I can name several friends who have marked the anniversary of a parent’s death, some who are facing difficult decisions about their jobs, others dealing with illnesses and uncertain outcomes. That just skims the surface. Pain is common currency, along with disappointment and loss. One of life’s lessons, I suppose, is that pain is woven into the fabric of our existence and is not something other than life.

That’s enough to take in on its own terms. Then I came across these words from Stephen Dunn in The Poet’s Notebook:

What does it mean if you know that a particular disappointment or sadness in your life cannot, relatively speaking, compete for emotional attention with a normal day for a normal person in the Sudan, in Bosnia? Do you write the poem of disappointment differently?

Perspective:

  1. a particular attitude toward or way of regarding something; a point of view;
  2. a true understanding of the relative importance of things; a sense of proportion;
  3. the art of drawing solid objects on a two-dimensional surface so as to give the right impression of their height, width, depth, and position in relation to each other when viewed from a particular point.

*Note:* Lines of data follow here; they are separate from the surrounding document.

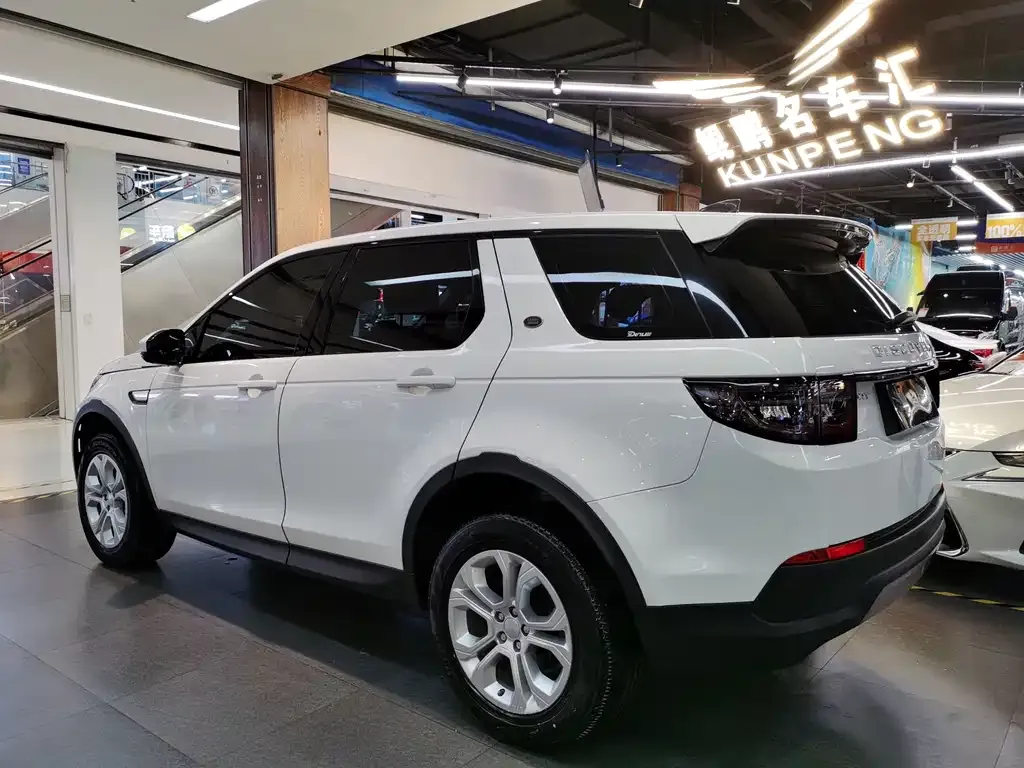 Land Rover Discovery Sport — фото 8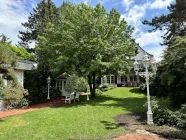 Garten mit Blick auf Haupthaus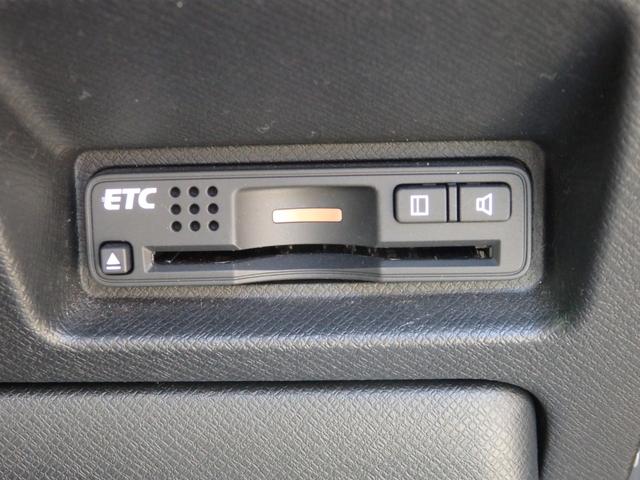 ステップワゴンスパーダ Ｚ　買取車両　純正ＨＤＤナビ　ＤＶＤ　ＣＤ　ＲＥＣ　ワンセグ　ＥＴＣ　Ｂカメラ　アルパイン製フリップダウンモニター　両側パワスラドア　パドルシフト　ＨＩＤライト　レザー調シートカバー　純正１６ＡＷ（49枚目）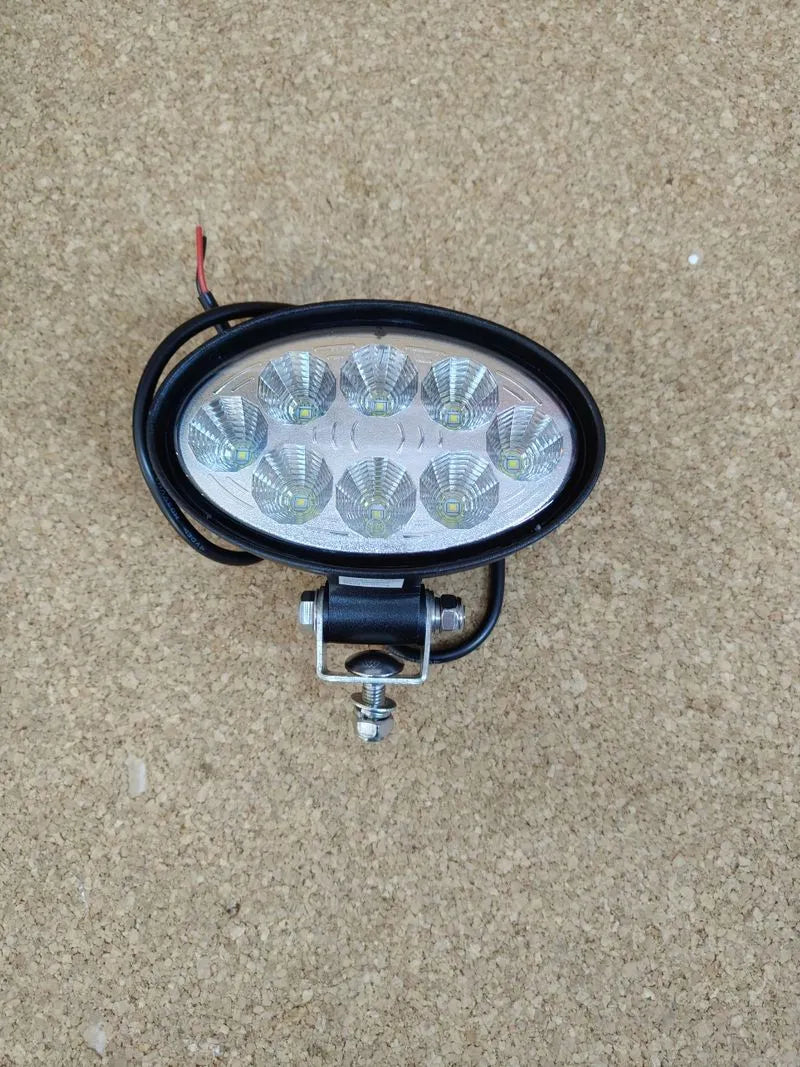 Faro de trabajo O1200 - 12V / 24V Hella Valuefit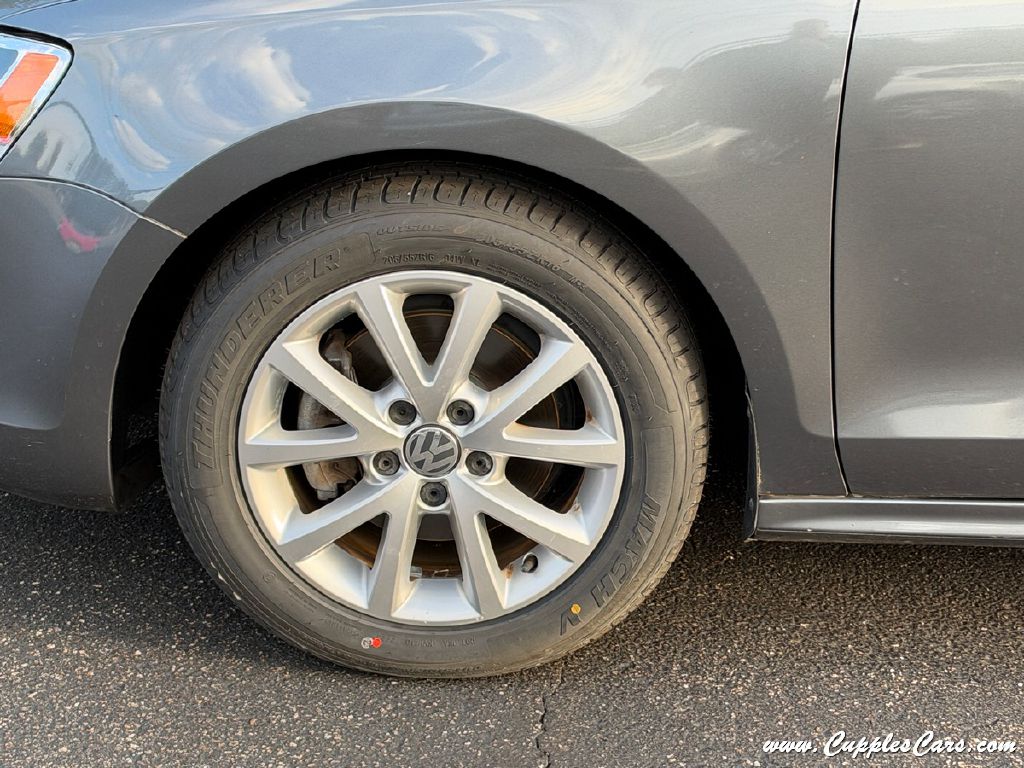 Photo 36 of this VOLKSWAGEN JETTA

A sense of proportion. I miss my father—and my grief is real, even as I don’t know how it feels for a son whose father has been imprisoned at Guantanamo for who knows how many years without being charged or tried. We hear gunshots in our neighborhood sometimes at night and I never worry about a car bomb going off at the Durham Farmer’s Market on Saturday morning. We feel inconvenienced in going to the grocery store and women in Africa walk miles and miles to get water everyday. The contrast is as obvious as it is tragic, and there is more to perspective than simply ending this paragraph with #firstworldproblems, which is why I like Dunn’s question:

Do you write the poem of disappointment differently?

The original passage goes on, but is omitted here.